In 2011, Michael Douglas received a supporting nomination for reprising his 1988 Best Film Drama Actor-winning “Wall Street” role of Gordon Gekko in “Wall Street: Money Never Sleeps.” Five years later, Sylvester Stallone was awarded the Best Film Supporting Actor Golden Globe for playing Rocky Balboa in “Creed” after having contended for the 1977 lead drama prize as the star of “Rocky.”

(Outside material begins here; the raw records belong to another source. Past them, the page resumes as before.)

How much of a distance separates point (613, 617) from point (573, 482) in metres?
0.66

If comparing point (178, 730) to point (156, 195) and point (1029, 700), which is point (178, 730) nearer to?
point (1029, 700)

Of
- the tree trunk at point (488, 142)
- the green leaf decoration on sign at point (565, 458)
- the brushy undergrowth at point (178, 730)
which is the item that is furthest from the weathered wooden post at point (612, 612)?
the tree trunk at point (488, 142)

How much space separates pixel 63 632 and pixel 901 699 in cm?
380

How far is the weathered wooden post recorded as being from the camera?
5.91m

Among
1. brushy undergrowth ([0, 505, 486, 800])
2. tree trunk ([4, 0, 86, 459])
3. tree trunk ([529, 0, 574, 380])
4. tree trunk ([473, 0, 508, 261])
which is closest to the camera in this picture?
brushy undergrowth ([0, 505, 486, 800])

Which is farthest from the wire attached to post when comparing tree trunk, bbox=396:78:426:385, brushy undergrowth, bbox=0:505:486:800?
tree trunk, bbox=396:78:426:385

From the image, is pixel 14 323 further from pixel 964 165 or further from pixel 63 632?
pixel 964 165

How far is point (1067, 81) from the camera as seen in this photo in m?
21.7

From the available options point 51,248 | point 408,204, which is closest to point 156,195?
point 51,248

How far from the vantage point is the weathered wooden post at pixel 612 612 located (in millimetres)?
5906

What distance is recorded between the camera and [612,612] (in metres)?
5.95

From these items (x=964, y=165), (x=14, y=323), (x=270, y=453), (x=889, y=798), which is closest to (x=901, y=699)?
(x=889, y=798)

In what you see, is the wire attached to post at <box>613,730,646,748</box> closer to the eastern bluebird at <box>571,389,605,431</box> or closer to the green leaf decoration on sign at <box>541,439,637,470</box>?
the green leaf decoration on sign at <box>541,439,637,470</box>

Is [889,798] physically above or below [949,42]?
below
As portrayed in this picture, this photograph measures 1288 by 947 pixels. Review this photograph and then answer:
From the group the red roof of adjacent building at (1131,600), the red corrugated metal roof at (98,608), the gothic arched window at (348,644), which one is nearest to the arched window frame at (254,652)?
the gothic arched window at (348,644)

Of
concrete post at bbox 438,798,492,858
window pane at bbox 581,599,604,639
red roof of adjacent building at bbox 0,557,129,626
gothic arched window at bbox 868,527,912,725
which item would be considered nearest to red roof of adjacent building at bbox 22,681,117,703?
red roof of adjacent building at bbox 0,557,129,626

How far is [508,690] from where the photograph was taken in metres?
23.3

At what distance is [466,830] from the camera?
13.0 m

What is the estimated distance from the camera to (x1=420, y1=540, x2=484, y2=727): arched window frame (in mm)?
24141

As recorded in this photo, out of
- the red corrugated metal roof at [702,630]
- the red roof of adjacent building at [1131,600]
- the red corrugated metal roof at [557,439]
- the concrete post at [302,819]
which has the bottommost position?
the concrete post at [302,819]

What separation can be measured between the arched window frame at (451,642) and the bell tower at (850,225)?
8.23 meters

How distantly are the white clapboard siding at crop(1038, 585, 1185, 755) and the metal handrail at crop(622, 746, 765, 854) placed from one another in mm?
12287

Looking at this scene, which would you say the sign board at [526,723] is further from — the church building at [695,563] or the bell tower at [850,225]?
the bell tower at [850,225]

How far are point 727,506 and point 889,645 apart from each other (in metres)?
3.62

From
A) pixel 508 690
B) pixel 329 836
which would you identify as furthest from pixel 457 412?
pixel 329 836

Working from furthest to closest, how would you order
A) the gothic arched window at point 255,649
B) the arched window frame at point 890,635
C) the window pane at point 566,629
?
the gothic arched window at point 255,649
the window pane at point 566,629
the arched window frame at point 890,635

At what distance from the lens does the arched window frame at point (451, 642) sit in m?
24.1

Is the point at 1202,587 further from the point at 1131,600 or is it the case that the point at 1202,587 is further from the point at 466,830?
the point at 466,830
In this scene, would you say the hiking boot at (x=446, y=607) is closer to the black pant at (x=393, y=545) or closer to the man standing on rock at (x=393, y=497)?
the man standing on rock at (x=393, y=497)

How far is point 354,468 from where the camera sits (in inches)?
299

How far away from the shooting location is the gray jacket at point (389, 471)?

Included among the six women in this club are comedy/musical nominees Barbra Streisand as Fanny Brice (“Funny Girl,” 1969; “Funny Lady,” 1976), Anjelica Huston as Morticia Addams (“The Addams Family,” 1992; “Addams Family Values,” 1994), and Renée Zellweger as Bridget Jones (“Bridget Jones’s Diary,” 2002; “Bridget Jones: The Edge of Reason,” 2005), dramatic actresses Uma Thurman as Beatrix Kiddo (“Kill Bill: Volume 1,” 2004; “Kill Bill: Volume 2,” 2005) and Cate Blanchett as Queen Elizabeth I (“Elizabeth,” 1999; “Elizabeth: The Golden Age,” 2008), and drama-to-comedy category jumper Judi Dench as Queen Victoria (“Mrs. Brown,” 1998; “Victoria & Abdul,” 2018).
Craig would be the ninth actor in this group to prevail on either of his outings, after Douglas, Stallone, Streisand (1969), Hackman (1972), Dench (1998), Blanchett (1999), and dual champs O’Toole and Baron Cohen.
Nominations for the 80th Golden Globes will be revealed on Monday, December 12. The awards ceremony is set to air on NBC and stream on Peacock on Tuesday, January 10.